Not too many close by, but...

I'm from Bury St. Edmunds - for live food and frozen we use Marlows garden & pet centre and Tut hill ornamental fish farm between Bury and Fornham St Martin. They both have a limited number of reptiles, but have the basics to keep you going.

My prefered choice is Abbey Aquatics at Stonham Barns - good stock, advice and excellent quality live and frozen food. However, this is a treck out for you, but there is a coffee shop in the complex and other shops to wander around on a day out. 

There is also Swallow aquatics at East Harling (not far from Snetterton). They have a reasonable range of reptiles, fish and a coffee shop. Norwich is an option, but if you are travelling try the others first or read forum comments on them.

Towards Cambridge you have Petpacks at Hardwick, I've not bought reptiles from here only pet rats, which I would make the effort to buy pet rats from there again. They seem to have a really good range of reptiles.

In Ipswich town centre you have Viking Aquatics & Claws and Fins, both helpful and good for live food etc. 

Past Ipswich you have seapets at Martlesham, newbies to reps, but very helpful.

I have not found any more than this that are relaible for food, bulbs and substrates - if there are any I would like to know - also good to look at other places once in a while.

I hope this helps you a little and should you find one in the area that I have missed or is new please let me know.

Sam


----------



## cubeykc (Aug 8, 2008)

Montyrom said:


> Not too many close by, but...
> 
> I'm from Bury St. Edmunds - for live food and frozen we use Marlows garden & pet centre and Tut hill ornamental fish farm between Bury and Fornham St Martin. They both have a limited number of reptiles, but have the basics to keep you going.
> 
> ...


 
Tut hill ornamental fish farm is rubbish i feel sorry for all of there reptiles i know loads of people from BSE who have complained to the rspca about them


----------



## smocnick (Apr 2, 2009)

thanks for the info i have been using hardwicks but its a bit of a treck so will try some of these out

also been told theres a place in newmarket and one in fordham so will check them out and update


----------



## Montyrom (Aug 9, 2008)

cubeykc said:


> Tut hill ornamental fish farm is rubbish i feel sorry for all of there reptiles i know loads of people from BSE who have complained to the rspca about them


I only use them for bugs if we get caught out and dry supplies for other pets as they are easy to get to and offer good opening hours.

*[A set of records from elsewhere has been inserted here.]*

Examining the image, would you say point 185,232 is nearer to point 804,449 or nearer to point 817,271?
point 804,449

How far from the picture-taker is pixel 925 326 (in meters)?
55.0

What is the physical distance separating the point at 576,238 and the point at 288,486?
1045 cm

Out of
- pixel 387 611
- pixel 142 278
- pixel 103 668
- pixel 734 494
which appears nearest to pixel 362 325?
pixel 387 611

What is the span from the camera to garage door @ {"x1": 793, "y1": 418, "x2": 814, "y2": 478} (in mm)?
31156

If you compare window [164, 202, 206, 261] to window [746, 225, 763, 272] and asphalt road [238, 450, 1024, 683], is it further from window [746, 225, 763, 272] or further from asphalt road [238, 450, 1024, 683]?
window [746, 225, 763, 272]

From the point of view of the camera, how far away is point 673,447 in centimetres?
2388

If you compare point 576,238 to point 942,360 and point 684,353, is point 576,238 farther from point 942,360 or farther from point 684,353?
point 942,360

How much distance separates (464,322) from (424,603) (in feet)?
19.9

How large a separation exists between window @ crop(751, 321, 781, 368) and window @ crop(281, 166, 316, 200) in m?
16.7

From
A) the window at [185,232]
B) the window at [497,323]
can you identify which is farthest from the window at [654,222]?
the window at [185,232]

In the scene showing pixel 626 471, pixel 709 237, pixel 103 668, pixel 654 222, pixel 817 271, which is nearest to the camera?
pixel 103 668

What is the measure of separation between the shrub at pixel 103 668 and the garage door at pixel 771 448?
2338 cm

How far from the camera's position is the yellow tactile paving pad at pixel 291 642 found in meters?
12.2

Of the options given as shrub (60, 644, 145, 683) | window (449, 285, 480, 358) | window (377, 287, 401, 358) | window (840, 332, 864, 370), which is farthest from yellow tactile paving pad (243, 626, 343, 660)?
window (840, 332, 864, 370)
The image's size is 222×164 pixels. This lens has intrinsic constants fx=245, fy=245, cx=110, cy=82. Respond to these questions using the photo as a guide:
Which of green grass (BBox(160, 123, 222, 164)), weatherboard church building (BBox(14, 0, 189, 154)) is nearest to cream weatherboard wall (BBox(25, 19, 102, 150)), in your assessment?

One of my snakes came from there as a non feeder and is now doing very well.

Also my rescued desert agama came from there (misold to previous owner and told it needed damp conditions) . He now only has one complete front leg because of a mixture of bad advice, lack of understanding or previous owner stupidity.

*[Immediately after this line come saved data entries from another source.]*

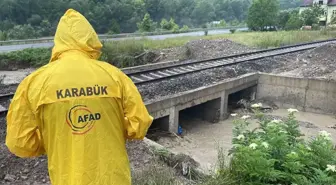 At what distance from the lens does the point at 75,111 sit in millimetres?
2295

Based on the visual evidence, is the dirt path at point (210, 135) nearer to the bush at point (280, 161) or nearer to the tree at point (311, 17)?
the bush at point (280, 161)

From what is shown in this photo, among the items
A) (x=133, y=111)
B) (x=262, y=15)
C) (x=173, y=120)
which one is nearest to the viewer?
(x=133, y=111)

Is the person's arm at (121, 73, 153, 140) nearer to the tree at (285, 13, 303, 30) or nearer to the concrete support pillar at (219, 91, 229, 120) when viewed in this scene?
the concrete support pillar at (219, 91, 229, 120)

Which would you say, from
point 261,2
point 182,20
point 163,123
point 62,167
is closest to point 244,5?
point 182,20

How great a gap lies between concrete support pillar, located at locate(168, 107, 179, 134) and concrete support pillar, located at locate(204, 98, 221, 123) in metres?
2.33

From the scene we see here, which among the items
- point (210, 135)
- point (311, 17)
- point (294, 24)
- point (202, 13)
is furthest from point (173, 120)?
point (202, 13)

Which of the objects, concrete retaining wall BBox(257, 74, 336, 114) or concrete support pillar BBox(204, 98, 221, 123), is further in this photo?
concrete retaining wall BBox(257, 74, 336, 114)

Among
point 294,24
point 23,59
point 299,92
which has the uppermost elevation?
point 294,24

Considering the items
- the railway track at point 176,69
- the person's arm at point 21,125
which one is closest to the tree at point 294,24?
the railway track at point 176,69

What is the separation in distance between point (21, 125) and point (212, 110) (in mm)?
9742

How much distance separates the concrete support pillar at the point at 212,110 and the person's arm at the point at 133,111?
9186mm

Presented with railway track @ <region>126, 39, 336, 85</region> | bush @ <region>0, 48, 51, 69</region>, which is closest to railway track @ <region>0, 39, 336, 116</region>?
railway track @ <region>126, 39, 336, 85</region>

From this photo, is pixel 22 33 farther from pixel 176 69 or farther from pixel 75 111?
pixel 75 111

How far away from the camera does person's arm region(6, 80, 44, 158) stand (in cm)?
229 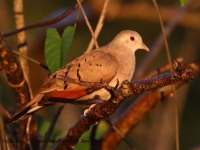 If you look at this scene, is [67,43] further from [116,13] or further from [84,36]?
[84,36]

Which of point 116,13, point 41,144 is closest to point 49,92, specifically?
point 41,144

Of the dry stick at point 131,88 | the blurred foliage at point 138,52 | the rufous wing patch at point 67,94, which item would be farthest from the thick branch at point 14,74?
the blurred foliage at point 138,52

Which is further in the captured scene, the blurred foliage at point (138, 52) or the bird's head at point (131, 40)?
the blurred foliage at point (138, 52)

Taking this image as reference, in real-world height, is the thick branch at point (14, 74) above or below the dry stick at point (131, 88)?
above

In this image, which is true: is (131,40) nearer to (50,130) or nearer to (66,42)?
(66,42)

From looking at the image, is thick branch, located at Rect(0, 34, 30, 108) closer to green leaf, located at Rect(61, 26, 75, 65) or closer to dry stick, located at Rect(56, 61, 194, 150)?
green leaf, located at Rect(61, 26, 75, 65)

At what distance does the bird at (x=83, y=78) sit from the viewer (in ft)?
9.49

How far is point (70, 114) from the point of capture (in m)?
5.09

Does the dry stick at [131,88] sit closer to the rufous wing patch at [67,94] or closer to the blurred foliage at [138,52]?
the rufous wing patch at [67,94]

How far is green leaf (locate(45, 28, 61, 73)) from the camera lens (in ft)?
10.0

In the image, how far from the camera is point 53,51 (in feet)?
10.2

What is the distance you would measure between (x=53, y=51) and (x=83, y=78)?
227 millimetres

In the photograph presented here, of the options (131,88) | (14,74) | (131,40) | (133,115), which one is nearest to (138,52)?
(131,40)

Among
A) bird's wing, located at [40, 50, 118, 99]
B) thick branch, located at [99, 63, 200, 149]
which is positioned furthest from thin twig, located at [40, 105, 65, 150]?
thick branch, located at [99, 63, 200, 149] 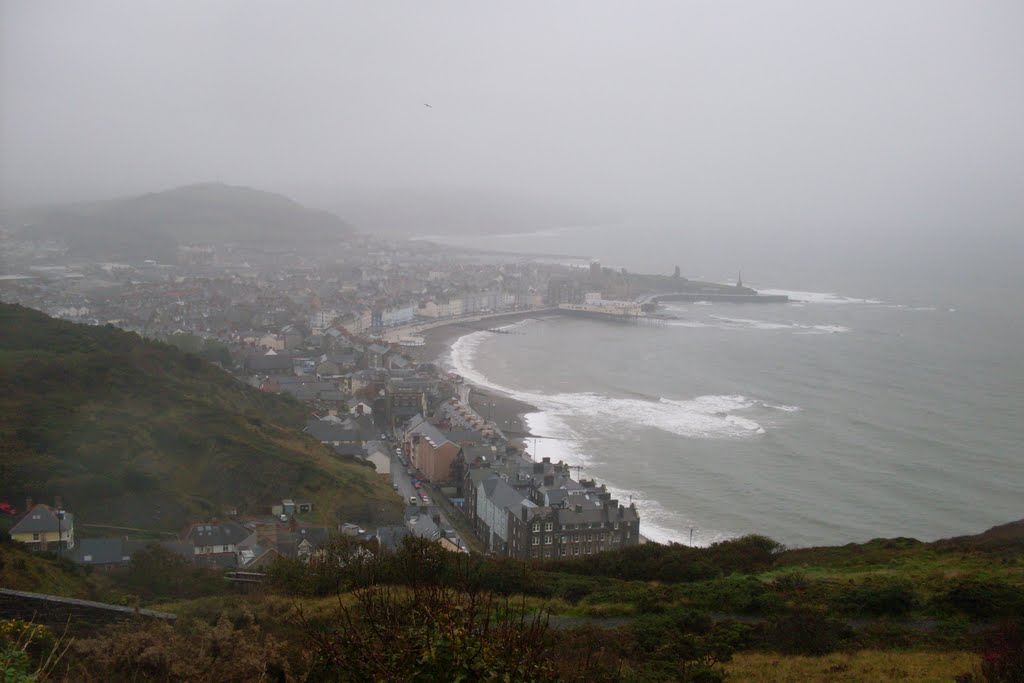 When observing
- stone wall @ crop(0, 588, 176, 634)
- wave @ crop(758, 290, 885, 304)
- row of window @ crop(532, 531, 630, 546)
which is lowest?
row of window @ crop(532, 531, 630, 546)

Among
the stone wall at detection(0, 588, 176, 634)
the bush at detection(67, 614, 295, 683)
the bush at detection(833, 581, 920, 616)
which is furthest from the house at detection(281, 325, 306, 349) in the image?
the bush at detection(67, 614, 295, 683)

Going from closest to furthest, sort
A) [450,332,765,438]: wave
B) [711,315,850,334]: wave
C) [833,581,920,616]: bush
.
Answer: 1. [833,581,920,616]: bush
2. [450,332,765,438]: wave
3. [711,315,850,334]: wave

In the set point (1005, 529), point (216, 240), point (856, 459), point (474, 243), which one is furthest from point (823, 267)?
point (1005, 529)

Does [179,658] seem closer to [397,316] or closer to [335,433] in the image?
[335,433]

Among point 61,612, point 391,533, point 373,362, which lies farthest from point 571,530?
point 373,362

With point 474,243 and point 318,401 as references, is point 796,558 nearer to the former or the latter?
point 318,401

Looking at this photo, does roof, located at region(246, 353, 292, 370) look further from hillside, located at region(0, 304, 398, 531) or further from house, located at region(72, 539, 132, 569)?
house, located at region(72, 539, 132, 569)

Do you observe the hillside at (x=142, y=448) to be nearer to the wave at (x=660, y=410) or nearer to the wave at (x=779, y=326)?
the wave at (x=660, y=410) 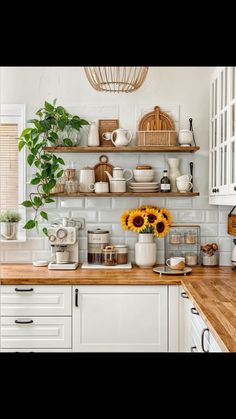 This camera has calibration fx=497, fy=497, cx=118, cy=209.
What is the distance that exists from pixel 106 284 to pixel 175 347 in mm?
571

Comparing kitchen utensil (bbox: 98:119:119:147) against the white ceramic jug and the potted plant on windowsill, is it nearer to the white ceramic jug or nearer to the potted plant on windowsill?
the white ceramic jug

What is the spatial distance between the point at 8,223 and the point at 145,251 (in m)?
1.02

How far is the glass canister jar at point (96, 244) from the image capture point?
3.58 m

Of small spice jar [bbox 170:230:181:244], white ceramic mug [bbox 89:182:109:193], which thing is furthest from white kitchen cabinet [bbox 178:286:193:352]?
white ceramic mug [bbox 89:182:109:193]

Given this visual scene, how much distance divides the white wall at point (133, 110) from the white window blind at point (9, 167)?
0.19m

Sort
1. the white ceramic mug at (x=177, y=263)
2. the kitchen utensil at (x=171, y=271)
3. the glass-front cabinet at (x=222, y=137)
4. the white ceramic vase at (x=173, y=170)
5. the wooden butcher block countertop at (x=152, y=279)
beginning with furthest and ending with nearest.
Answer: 1. the white ceramic vase at (x=173, y=170)
2. the white ceramic mug at (x=177, y=263)
3. the kitchen utensil at (x=171, y=271)
4. the glass-front cabinet at (x=222, y=137)
5. the wooden butcher block countertop at (x=152, y=279)

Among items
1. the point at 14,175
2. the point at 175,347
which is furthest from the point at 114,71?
the point at 175,347

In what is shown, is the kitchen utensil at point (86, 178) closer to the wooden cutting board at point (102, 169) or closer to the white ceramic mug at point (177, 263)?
the wooden cutting board at point (102, 169)

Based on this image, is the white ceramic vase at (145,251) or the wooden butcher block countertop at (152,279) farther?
the white ceramic vase at (145,251)

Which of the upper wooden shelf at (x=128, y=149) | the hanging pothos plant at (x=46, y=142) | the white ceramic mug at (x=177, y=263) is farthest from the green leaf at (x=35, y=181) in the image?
the white ceramic mug at (x=177, y=263)

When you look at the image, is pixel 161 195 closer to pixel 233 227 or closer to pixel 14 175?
pixel 233 227

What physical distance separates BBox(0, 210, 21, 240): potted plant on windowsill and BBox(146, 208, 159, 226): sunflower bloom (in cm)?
96

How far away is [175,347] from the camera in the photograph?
304 cm

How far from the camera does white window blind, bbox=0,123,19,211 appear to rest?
3.70 m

I try not to write anything bad about places (due to slander etc), and my lack of info on somewhere would hint that they are there if you choose to use them, do so at your experience. The ones that are trustworthy have more description.

Would the place in Newmarket be the shop that was Taylors? and the one in Fordham the garden centre - as i didn't think it would take too long before they got into reptiles. Would be great to know!

Great that there's so many passionate reptile owners in Suffolk!

I have on occasion reported stores to the RSPCA... one in Colchester springs to mind (over stocking of fish etc). So if it's justified do it!


----------



## R0b_2oo8 (Nov 8, 2008)

personally i use Viking aqautics in town for most of my things.

Proberbly coz i know them well enough to get some good deals and there range of dry goods/ accessories is far better than claws and fins as they are in stock while C&F will order them in for you

Also the guy does know what hes doing and although some reps are on sand, none are fed on it and he does give out good advice

Claws and fins are quite good though, just a bit cramped when you walk in but the guys know what there doing

Seapets at martlesham and colchester both seem ok havnt hada good explore around but at least the cages seemed clean and well presnted for reptile sale vivs. they just not close enough for me as dont drive

all the others abbey etc all sound good and qould love to visit them just dont drive so cant get there easily

my personal opinions:2thumb:: victory:


----------